EXERCISE DIRECTIONS:
Reproduce the listing verbatim through the line with "Happy Monkey".

THE INPUT:
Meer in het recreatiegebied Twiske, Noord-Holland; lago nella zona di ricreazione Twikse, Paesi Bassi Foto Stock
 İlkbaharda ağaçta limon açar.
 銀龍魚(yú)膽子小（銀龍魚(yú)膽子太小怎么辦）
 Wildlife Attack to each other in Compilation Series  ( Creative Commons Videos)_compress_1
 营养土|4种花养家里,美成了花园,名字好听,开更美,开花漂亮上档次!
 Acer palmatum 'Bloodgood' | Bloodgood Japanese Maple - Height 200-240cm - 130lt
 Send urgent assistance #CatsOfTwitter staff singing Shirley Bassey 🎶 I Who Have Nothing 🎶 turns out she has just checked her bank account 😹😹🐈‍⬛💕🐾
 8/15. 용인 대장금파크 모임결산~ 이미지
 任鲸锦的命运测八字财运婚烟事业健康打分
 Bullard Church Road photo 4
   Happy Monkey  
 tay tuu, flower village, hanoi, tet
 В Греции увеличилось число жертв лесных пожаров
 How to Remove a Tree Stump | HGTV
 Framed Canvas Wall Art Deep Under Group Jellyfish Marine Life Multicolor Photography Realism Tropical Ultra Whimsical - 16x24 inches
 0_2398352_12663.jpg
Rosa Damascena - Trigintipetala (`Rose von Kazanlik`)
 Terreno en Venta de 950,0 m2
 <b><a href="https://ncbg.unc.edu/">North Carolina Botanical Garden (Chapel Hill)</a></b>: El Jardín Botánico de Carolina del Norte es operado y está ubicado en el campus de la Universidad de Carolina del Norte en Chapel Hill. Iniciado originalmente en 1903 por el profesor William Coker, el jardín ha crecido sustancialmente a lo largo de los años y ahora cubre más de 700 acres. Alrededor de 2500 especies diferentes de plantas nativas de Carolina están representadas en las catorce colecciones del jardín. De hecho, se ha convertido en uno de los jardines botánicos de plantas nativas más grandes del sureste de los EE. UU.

ANSWER SPACE:
Meer in het recreatiegebied Twiske, Noord-Holland; lago nella zona di ricreazione Twikse, Paesi Bassi Foto Stock
 İlkbaharda ağaçta limon açar.
 銀龍魚(yú)膽子小（銀龍魚(yú)膽子太小怎么辦）
 Wildlife Attack to each other in Compilation Series  ( Creative Commons Videos)_compress_1
 营养土|4种花养家里,美成了花园,名字好听,开更美,开花漂亮上档次!
 Acer palmatum 'Bloodgood' | Bloodgood Japanese Maple - Height 200-240cm - 130lt
 Send urgent assistance #CatsOfTwitter staff singing Shirley Bassey 🎶 I Who Have Nothing 🎶 turns out she has just checked her bank account 😹😹🐈‍⬛💕🐾
 8/15. 용인 대장금파크 모임결산~ 이미지
 任鲸锦的命运测八字财运婚烟事业健康打分
 Bullard Church Road photo 4
   Happy Monkey  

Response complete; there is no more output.